If it is full chisel chain Stihl specifies 0° whereas others specify 10°. However I've found Stihl chain cuts better if sharpened at 10° (file guide angle/vice tilt angle) although I have limited experience with Stihl full chisel (only used RSC).
I've never sharpened any chains at 15° but am curious to know what chains require those specs - I've never seen any but presume they're out there


----------



## nmurph (Jun 13, 2009)

i think rs/rsc is 0°. i think the only chisel that is otherwise is Oregon's, and it specifies 10°.


----------



## huskystihl (Jun 13, 2009)

nmurph said:


> i think rs/rsc is 0°. i think the only chisel that is otherwise is Oregon's, and it specifies 10°.
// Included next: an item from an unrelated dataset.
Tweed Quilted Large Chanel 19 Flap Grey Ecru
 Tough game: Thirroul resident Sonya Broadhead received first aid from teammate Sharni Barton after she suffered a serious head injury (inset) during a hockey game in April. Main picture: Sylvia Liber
I think your off on that one. I sharpen semi chisel at zero and full at 10. If i'm wrong than so be it because the rsc cuts great and holds an edge forever at 10


----------



## huskystihl (Jun 13, 2009)

MCW said:


> If it is full chisel chain Stihl specifies 0° whereas others specify 10°. However I've found Stihl chain cuts better if sharpened at 10° (file guide angle/vice tilt angle) although I have limited experience with Stihl full chisel (only used RSC).
> I've never sharpened any chains at 15° but am curious to know what chains require those specs - I've never seen any but presume they're out there



Our shop stihl grinder only goes to 10. I don't know of any chain that i've used anyway thats required 15


----------



## Plasmech (Jun 13, 2009)

The chain I'm about to do next is a 33RSC3. I opened up that little piece of paper in the 'ol box that usually takes a highway directly to the trash can and I see that we're looking at:

a: 30
b: 60
c: 90 (or zero)

So it looks like RSC is in fact ground at a 0 degree vise tilt angle. I've been doing it wrong for months! Doh! 

Thanks for the replies.


----------



## mowoodchopper (Jun 13, 2009)

huskystihl said:


> I think your off on that one. I sharpen semi chisel at zero and full at 10. If i'm wrong than so be it because the rsc cuts great and holds an edge forever at 10



 Cant say about stihl chain exactly but I sharpen all semi chisel at 0 and all full chisel at 10 because it cleans the 90 degree corner out better!


----------



## Plasmech (Jun 13, 2009)

mowoodchopper said:


> Cant say about stihl chain exactly but I sharpen all semi chisel at 0 and all full chisel at 10 because it cleans the 90 degree corner out better!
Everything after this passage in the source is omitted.